(Scraped caption text data)
◇ ◇ ◇ ◇ ◇
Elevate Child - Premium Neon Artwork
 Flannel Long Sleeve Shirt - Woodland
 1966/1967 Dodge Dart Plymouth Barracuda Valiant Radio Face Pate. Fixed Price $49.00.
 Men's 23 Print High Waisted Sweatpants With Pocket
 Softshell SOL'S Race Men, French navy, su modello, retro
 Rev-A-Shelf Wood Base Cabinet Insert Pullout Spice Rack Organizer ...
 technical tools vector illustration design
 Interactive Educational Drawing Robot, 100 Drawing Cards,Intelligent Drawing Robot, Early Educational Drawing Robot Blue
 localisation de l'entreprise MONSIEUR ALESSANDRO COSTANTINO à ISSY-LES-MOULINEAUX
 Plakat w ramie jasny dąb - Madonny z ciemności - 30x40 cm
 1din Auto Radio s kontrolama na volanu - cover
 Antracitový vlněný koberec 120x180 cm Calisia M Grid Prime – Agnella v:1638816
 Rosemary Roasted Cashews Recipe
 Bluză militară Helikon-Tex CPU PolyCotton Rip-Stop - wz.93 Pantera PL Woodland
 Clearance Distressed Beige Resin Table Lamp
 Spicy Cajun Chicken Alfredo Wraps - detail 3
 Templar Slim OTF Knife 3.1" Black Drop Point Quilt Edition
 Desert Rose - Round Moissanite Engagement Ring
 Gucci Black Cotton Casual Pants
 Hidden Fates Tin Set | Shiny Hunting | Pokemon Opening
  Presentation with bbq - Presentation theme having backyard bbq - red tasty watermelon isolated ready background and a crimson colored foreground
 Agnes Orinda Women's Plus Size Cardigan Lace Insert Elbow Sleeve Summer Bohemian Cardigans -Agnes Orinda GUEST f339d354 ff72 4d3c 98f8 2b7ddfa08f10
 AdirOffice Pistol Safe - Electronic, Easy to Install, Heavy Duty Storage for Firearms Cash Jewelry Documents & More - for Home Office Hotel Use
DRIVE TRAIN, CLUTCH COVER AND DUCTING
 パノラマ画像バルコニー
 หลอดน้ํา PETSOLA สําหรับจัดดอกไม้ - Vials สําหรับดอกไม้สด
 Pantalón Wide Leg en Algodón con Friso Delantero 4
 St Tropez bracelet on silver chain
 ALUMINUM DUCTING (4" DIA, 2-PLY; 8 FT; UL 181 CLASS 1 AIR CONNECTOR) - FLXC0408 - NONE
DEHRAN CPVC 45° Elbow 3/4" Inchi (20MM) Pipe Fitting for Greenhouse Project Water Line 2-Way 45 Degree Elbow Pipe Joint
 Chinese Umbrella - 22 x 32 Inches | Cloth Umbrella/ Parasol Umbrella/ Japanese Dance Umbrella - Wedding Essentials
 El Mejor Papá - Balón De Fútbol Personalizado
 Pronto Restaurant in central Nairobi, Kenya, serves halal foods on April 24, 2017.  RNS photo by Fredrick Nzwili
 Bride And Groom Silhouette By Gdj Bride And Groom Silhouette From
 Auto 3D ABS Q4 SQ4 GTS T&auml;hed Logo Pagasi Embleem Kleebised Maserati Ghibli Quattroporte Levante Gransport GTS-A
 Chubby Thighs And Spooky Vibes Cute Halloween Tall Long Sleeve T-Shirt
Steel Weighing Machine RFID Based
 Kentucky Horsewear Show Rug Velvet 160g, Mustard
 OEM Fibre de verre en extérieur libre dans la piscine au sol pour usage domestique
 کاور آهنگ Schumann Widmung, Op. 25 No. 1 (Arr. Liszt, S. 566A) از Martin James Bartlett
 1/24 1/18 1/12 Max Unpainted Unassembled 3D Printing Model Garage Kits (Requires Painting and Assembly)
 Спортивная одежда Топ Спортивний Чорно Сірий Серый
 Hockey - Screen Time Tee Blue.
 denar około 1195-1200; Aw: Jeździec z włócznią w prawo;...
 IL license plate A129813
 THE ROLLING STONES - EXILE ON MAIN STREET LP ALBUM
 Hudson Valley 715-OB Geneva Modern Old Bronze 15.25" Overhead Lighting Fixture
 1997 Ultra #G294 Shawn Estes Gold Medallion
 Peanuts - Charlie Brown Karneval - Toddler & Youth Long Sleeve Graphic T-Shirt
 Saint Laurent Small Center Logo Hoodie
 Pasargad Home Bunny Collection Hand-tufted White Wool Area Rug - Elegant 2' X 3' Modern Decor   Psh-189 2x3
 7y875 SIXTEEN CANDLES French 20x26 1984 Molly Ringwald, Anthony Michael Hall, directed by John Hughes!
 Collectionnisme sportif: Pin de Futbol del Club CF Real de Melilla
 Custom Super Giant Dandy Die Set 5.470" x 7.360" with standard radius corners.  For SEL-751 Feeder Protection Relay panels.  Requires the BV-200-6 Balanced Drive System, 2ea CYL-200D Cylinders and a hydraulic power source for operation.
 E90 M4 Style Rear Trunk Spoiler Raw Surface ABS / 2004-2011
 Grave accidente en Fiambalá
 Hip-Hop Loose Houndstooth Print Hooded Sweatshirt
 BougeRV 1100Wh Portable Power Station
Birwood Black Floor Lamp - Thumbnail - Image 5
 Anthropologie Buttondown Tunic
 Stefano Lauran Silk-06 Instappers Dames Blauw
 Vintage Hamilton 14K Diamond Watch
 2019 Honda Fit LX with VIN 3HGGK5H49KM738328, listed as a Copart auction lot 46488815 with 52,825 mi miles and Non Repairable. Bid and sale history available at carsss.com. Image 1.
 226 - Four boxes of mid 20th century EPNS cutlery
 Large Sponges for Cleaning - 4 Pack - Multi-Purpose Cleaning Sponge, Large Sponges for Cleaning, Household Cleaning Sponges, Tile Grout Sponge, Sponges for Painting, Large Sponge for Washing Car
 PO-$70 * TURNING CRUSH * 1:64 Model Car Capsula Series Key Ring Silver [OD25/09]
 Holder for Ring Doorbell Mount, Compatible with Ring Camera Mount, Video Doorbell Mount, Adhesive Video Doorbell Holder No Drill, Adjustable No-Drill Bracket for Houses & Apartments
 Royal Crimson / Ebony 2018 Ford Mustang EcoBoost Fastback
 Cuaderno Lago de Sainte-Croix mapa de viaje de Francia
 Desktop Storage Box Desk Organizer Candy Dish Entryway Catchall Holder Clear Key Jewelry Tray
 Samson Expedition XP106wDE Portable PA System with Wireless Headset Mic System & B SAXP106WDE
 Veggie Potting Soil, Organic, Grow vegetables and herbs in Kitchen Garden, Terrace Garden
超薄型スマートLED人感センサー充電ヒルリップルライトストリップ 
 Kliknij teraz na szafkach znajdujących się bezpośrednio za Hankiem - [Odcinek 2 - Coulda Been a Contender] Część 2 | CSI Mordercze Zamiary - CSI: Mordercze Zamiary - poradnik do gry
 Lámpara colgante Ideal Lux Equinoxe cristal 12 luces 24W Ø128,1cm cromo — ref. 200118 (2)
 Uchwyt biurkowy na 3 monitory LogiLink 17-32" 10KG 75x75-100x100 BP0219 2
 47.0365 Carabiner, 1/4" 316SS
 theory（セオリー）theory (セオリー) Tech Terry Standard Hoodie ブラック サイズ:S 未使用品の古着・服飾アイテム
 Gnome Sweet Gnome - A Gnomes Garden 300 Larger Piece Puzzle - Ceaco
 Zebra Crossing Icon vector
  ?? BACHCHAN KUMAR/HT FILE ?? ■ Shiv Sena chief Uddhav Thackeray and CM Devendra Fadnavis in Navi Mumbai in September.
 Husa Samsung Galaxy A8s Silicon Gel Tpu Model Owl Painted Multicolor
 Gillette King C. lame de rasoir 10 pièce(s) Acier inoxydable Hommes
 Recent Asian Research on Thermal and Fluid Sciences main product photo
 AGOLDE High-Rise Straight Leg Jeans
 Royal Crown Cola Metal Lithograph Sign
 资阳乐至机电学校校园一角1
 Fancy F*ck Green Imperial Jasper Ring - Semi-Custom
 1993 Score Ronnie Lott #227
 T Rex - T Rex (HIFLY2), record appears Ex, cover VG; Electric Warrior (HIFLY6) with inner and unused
◇ ◇ ◇ ◇ ◇
**What the task requires**
All that is wanted is a faithful reproduction of the line above with "Спортивная одежда Топ", the line with "PO-$70 * TURNING", and every line in between.

**Result of this exercise**
 Спортивная одежда Топ Спортивний Чорно Сірий Серый
 Hockey - Screen Time Tee Blue.
 denar około 1195-1200; Aw: Jeździec z włócznią w prawo;...
 IL license plate A129813
 THE ROLLING STONES - EXILE ON MAIN STREET LP ALBUM
 Hudson Valley 715-OB Geneva Modern Old Bronze 15.25" Overhead Lighting Fixture
 1997 Ultra #G294 Shawn Estes Gold Medallion
 Peanuts - Charlie Brown Karneval - Toddler & Youth Long Sleeve Graphic T-Shirt
 Saint Laurent Small Center Logo Hoodie
 Pasargad Home Bunny Collection Hand-tufted White Wool Area Rug - Elegant 2' X 3' Modern Decor   Psh-189 2x3
 7y875 SIXTEEN CANDLES French 20x26 1984 Molly Ringwald, Anthony Michael Hall, directed by John Hughes!
 Collectionnisme sportif: Pin de Futbol del Club CF Real de Melilla
 Custom Super Giant Dandy Die Set 5.470" x 7.360" with standard radius corners.  For SEL-751 Feeder Protection Relay panels.  Requires the BV-200-6 Balanced Drive System, 2ea CYL-200D Cylinders and a hydraulic power source for operation.
 E90 M4 Style Rear Trunk Spoiler Raw Surface ABS / 2004-2011
 Grave accidente en Fiambalá
 Hip-Hop Loose Houndstooth Print Hooded Sweatshirt
 BougeRV 1100Wh Portable Power Station
Birwood Black Floor Lamp - Thumbnail - Image 5
 Anthropologie Buttondown Tunic
 Stefano Lauran Silk-06 Instappers Dames Blauw
 Vintage Hamilton 14K Diamond Watch
 2019 Honda Fit LX with VIN 3HGGK5H49KM738328, listed as a Copart auction lot 46488815 with 52,825 mi miles and Non Repairable. Bid and sale history available at carsss.com. Image 1.
 226 - Four boxes of mid 20th century EPNS cutlery
 Large Sponges for Cleaning - 4 Pack - Multi-Purpose Cleaning Sponge, Large Sponges for Cleaning, Household Cleaning Sponges, Tile Grout Sponge, Sponges for Painting, Large Sponge for Washing Car
 PO-$70 * TURNING CRUSH * 1:64 Model Car Capsula Series Key Ring Silver [OD25/09]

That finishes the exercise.